WHAT TO WORK ON: A faithful copy of all the data is the goal; omit the pictures.

COLLECTED DATA:
━━━━
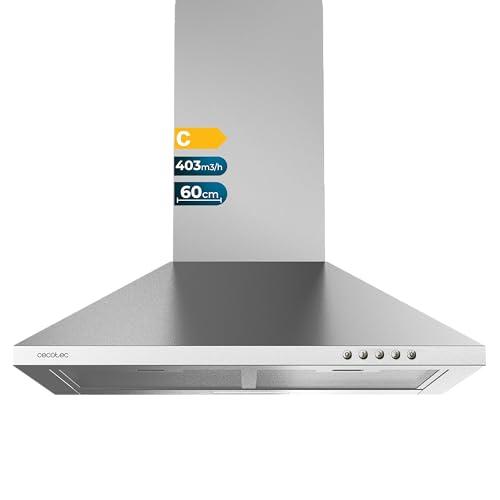 Cecotec Cappa aspirante 60 cm Flux PM 604300 Inox C Forma a Piramide, Finitura Inox, Potenza di aspirazione 403m3/h, Motore 105W, Classe C, Controllo meccanico, 3 Livelli di Potenza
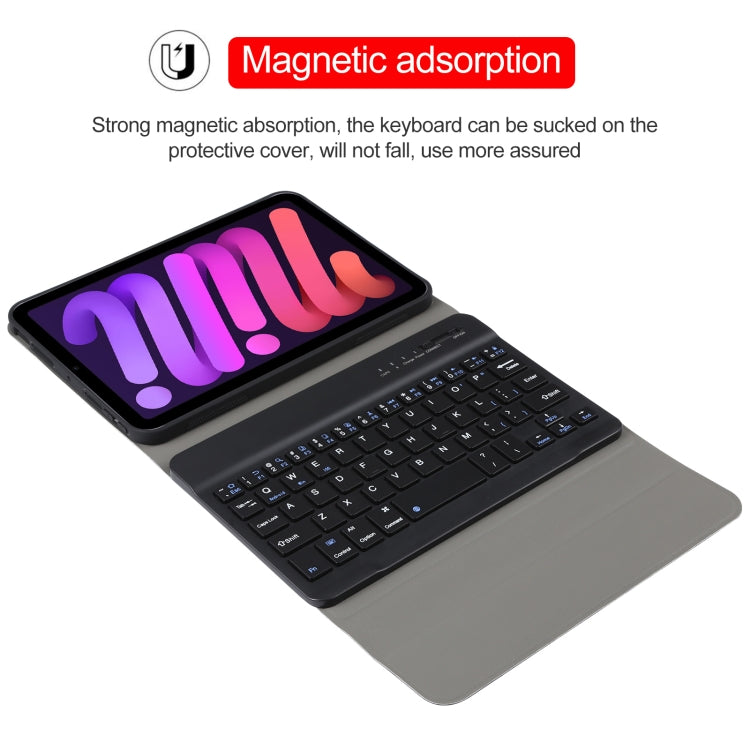 A06 Detachable Lambskin Texture Ultra-thin TPU Bluetooth Keyboard Leather Tablet Case with Stand For iPad mini 6 (Black) - For iPad mini by buy2fix | Online Shopping UK | buy2fix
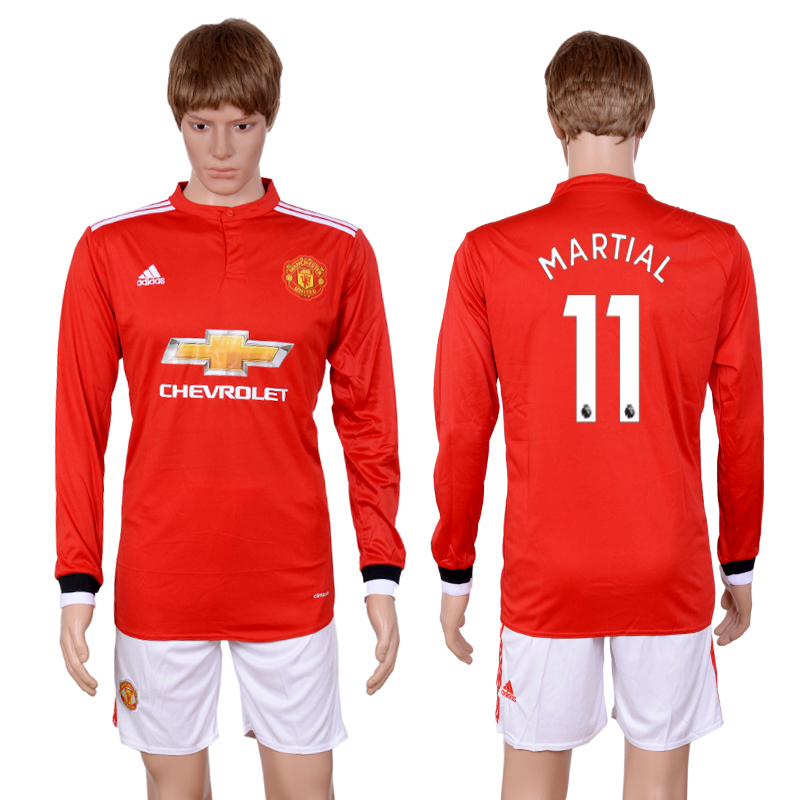 2017-18 Manchester United 11 MARTIAL Home Long Sleeve Soccer Jersey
━━━━
RESULT FOR THIS EXERCISE:
 Cecotec Cappa aspirante 60 cm Flux PM 604300 Inox C Forma a Piramide, Finitura Inox, Potenza di aspirazione 403m3/h, Motore 105W, Classe C, Controllo meccanico, 3 Livelli di Potenza
 A06 Detachable Lambskin Texture Ultra-thin TPU Bluetooth Keyboard Leather Tablet Case with Stand For iPad mini 6 (Black) - For iPad mini by buy2fix | Online Shopping UK | buy2fix
 2017-18 Manchester United 11 MARTIAL Home Long Sleeve Soccer Jersey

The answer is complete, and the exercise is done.